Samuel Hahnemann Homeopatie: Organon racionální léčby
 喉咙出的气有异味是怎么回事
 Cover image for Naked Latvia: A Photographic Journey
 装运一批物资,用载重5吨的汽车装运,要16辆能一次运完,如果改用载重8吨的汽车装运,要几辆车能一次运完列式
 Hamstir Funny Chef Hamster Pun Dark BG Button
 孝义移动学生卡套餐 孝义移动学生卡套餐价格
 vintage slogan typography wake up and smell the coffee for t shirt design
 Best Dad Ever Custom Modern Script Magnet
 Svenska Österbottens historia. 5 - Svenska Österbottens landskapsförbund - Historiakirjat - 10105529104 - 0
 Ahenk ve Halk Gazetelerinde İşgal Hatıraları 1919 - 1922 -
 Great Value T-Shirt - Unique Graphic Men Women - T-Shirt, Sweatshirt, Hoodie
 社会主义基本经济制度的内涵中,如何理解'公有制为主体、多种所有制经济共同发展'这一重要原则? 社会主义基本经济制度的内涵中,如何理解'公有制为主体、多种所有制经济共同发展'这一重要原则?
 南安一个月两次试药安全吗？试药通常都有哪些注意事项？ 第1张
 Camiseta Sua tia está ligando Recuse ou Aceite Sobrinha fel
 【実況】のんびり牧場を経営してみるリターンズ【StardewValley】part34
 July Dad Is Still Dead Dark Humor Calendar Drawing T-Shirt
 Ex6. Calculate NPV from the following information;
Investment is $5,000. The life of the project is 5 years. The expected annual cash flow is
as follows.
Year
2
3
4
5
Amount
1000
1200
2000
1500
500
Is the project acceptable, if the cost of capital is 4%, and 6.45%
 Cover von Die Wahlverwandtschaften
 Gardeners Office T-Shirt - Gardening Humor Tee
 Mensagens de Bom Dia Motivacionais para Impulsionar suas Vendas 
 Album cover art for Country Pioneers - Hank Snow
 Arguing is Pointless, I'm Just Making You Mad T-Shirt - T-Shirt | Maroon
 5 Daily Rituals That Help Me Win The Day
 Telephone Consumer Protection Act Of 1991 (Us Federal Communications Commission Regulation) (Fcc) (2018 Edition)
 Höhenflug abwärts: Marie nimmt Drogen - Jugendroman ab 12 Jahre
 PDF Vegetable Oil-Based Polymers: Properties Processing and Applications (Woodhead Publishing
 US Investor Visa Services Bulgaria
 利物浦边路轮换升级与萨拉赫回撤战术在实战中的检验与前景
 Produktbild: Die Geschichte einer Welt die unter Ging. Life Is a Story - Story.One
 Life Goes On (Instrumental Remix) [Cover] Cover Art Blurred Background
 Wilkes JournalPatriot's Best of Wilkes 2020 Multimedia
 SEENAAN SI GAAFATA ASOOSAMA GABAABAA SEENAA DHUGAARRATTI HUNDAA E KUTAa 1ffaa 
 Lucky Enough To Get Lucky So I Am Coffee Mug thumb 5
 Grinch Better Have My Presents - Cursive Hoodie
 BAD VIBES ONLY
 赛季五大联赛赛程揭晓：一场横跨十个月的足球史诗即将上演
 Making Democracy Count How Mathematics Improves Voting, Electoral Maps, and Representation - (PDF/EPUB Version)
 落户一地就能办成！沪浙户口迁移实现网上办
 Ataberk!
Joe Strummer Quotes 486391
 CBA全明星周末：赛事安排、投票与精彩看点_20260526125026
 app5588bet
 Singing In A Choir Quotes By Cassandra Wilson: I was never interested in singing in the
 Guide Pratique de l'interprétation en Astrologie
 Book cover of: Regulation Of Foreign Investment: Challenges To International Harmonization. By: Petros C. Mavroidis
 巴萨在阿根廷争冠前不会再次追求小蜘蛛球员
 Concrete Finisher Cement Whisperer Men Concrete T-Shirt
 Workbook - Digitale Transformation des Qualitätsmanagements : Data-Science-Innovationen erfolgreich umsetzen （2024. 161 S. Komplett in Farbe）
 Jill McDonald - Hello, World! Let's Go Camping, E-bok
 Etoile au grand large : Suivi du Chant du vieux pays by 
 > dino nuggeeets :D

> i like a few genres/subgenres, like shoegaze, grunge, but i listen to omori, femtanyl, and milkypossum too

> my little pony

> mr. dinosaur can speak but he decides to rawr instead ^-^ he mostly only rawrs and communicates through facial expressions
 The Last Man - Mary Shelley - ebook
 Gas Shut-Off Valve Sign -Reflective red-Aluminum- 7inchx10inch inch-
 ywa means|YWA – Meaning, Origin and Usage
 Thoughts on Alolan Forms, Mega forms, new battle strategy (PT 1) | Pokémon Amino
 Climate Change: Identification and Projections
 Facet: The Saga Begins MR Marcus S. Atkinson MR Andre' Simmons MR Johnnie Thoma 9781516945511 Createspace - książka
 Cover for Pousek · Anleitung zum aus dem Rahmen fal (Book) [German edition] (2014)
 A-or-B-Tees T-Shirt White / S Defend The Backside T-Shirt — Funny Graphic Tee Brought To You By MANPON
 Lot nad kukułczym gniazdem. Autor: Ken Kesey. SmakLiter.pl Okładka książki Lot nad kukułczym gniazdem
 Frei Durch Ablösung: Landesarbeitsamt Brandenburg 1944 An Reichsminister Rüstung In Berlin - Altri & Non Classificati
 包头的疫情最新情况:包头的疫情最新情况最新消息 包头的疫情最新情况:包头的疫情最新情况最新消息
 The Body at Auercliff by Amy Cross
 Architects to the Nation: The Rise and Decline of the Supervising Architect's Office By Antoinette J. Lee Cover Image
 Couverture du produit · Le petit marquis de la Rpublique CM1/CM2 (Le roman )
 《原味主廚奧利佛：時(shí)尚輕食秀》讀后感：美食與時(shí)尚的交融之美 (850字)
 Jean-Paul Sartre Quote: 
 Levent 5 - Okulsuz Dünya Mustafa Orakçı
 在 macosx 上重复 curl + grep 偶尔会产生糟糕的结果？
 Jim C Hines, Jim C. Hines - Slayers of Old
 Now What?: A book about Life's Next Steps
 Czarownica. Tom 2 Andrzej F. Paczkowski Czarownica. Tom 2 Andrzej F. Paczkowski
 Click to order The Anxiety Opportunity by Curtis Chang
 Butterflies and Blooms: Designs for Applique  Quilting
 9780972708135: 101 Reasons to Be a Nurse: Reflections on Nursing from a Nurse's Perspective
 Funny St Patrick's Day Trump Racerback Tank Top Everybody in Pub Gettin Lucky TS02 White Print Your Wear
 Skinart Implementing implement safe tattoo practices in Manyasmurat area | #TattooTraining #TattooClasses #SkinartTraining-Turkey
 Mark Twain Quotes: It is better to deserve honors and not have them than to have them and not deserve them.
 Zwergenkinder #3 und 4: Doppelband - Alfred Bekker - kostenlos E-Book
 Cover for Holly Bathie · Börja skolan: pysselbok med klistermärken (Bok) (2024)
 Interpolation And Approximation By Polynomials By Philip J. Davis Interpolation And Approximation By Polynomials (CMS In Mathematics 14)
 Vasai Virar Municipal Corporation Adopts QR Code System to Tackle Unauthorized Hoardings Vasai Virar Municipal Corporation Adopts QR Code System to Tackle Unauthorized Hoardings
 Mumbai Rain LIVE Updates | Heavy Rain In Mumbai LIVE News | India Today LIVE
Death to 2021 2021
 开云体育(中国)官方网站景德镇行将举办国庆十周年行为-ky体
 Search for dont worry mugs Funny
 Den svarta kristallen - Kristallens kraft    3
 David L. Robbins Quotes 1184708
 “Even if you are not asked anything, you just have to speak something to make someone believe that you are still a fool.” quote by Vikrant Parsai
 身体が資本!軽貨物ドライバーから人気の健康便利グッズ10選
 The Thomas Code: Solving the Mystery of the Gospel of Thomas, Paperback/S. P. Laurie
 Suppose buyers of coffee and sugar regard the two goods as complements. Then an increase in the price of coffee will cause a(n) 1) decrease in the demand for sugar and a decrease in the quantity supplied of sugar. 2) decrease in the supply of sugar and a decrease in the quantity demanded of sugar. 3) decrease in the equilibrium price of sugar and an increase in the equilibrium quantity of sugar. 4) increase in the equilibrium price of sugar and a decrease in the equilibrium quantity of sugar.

Description of the task: Give back the records above exactly, limited to the lines between the one holding "Click to order" and the one holding "Funny St Patrick's", inclusive.

Exercise response:
 Click to order The Anxiety Opportunity by Curtis Chang
 Butterflies and Blooms: Designs for Applique  Quilting
 9780972708135: 101 Reasons to Be a Nurse: Reflections on Nursing from a Nurse's Perspective
 Funny St Patrick's Day Trump Racerback Tank Top Everybody in Pub Gettin Lucky TS02 White Print Your Wear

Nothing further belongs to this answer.